= THE DATA =
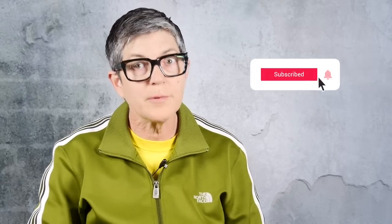Welcome back subscribers, and if this is your first time here, hey, thanks for checking me out. I teach photography, photo editing, and I'm a huge fan of Lumix cameras.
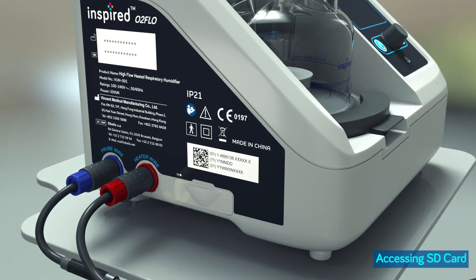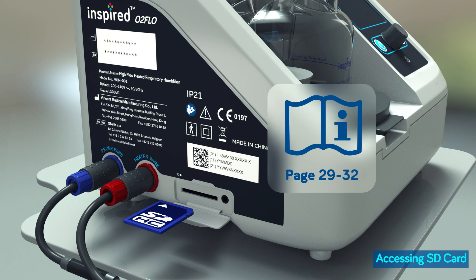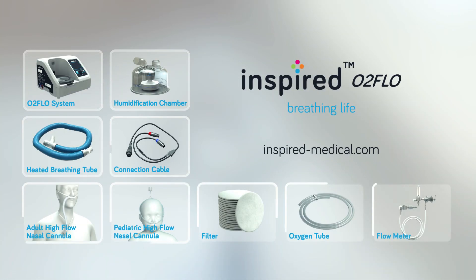To access the SD card, open the cover and press on the card — the SD card will be ejected. Refer to pages 29 to 32 of the O2 Flow operator's manual for instructions to operate the software. Please visit our webpage for the accessories list and technical information.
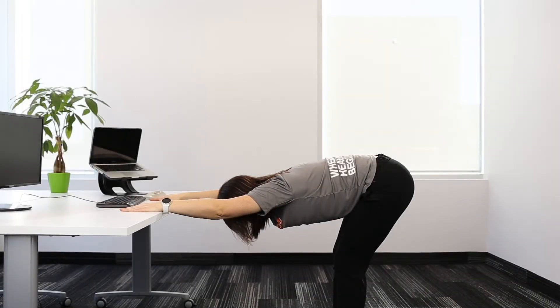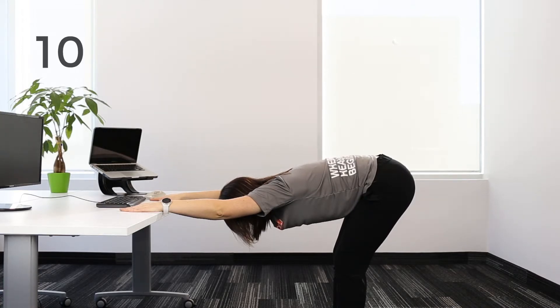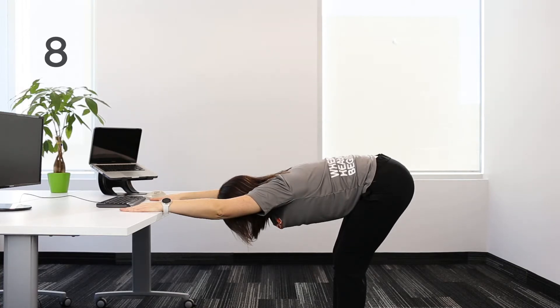Now, it's your turn. 10, 9, 8, 7, 6, 5, 4, 3, 2.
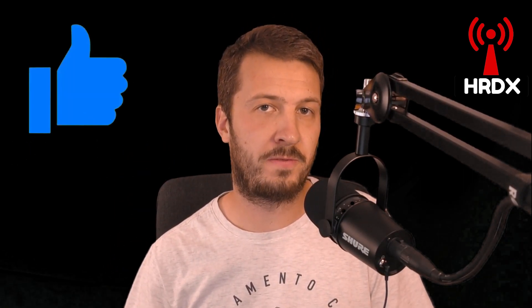Thank you everybody for watching. If you enjoyed this video, please give it a thumbs up. If you haven't already done so, and this is your first time visiting the channel, please hit the subscribe button below and also the bell icon to get notified of any new videos that I put out. And I look forward to seeing what you think and what you suggest. 73 for now.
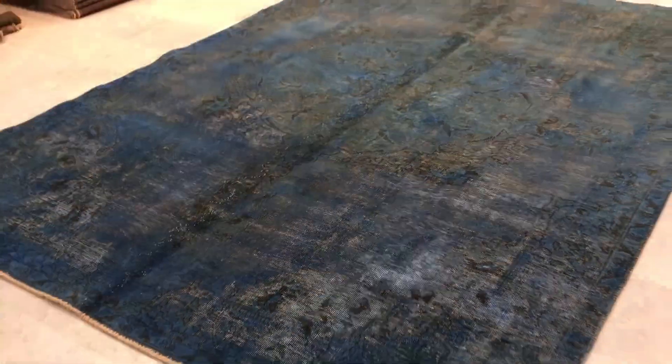Let me show you the back of this carpet to see the very high quality Persian handmade knots. If you have any questions about this carpet, we'd be very happy to assist you in any way we can.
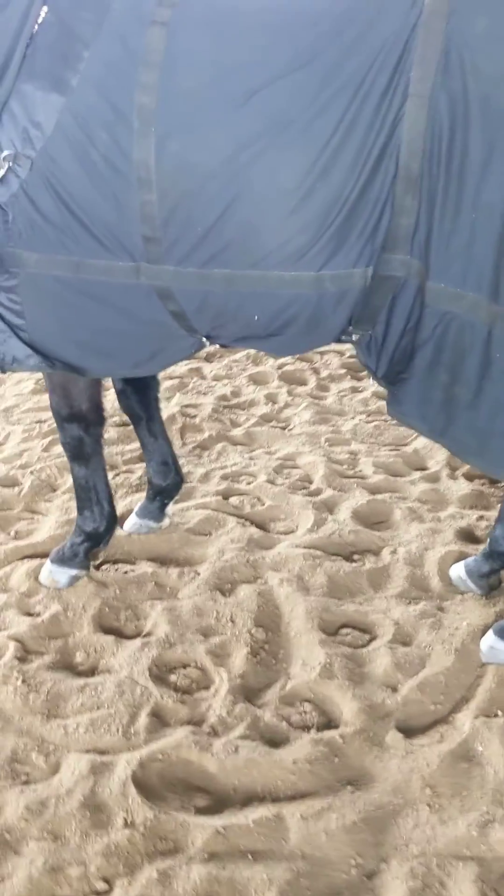Good boy. I like to stop them and let them process — sometimes you can see his brain's getting all those messages. And then from here we can go into the back up.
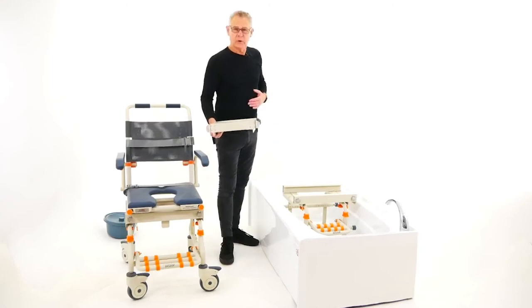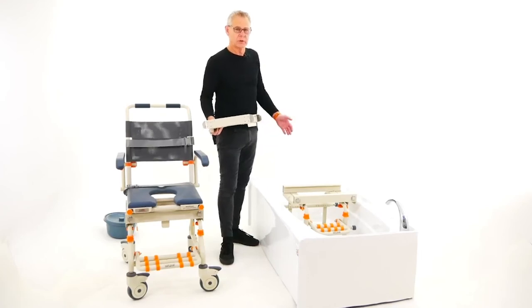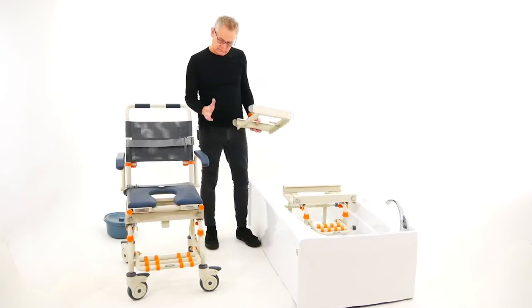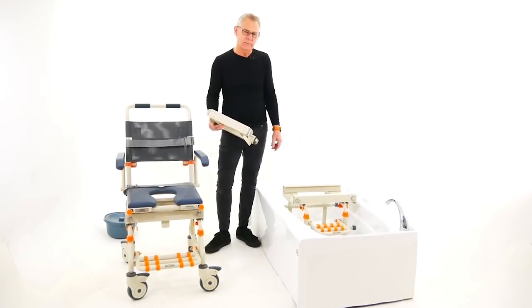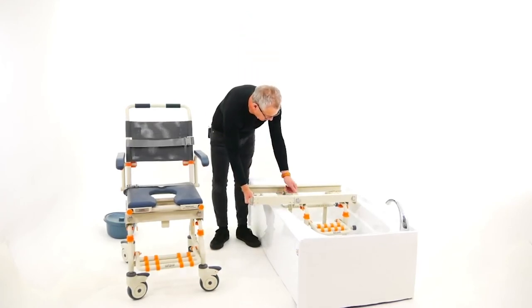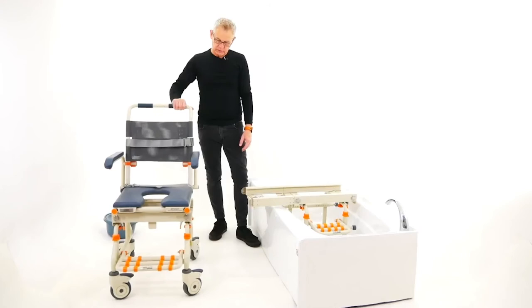Trust me, I've tried all solutions and some of them are very scary. The smaller the track, the worse the feeling for the user during transfer — they're totally in your hands as you're sliding them across nothing. To use the system, set up your bath base, clip in the bridge, do up the latch, and you're ready to bring your chair and user in.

= ASSIGNMENT =
Each line of the data above must be reproduced as written. Skip the pictures.

= TASK RESULT =
Welcome back subscribers, and if this is your first time here, hey, thanks for checking me out. I teach photography, photo editing, and I'm a huge fan of Lumix cameras.
To access the SD card, open the cover and press on the card — the SD card will be ejected. Refer to pages 29 to 32 of the O2 Flow operator's manual for instructions to operate the software. Please visit our webpage for the accessories list and technical information.
Now, it's your turn. 10, 9, 8, 7, 6, 5, 4, 3, 2.
Thank you everybody for watching. If you enjoyed this video, please give it a thumbs up. If you haven't already done so, and this is your first time visiting the channel, please hit the subscribe button below and also the bell icon to get notified of any new videos that I put out. And I look forward to seeing what you think and what you suggest. 73 for now.
Let me show you the back of this carpet to see the very high quality Persian handmade knots. If you have any questions about this carpet, we'd be very happy to assist you in any way we can.
Good boy. I like to stop them and let them process — sometimes you can see his brain's getting all those messages. And then from here we can go into the back up.
Trust me, I've tried all solutions and some of them are very scary. The smaller the track, the worse the feeling for the user during transfer — they're totally in your hands as you're sliding them across nothing. To use the system, set up your bath base, clip in the bridge, do up the latch, and you're ready to bring your chair and user in.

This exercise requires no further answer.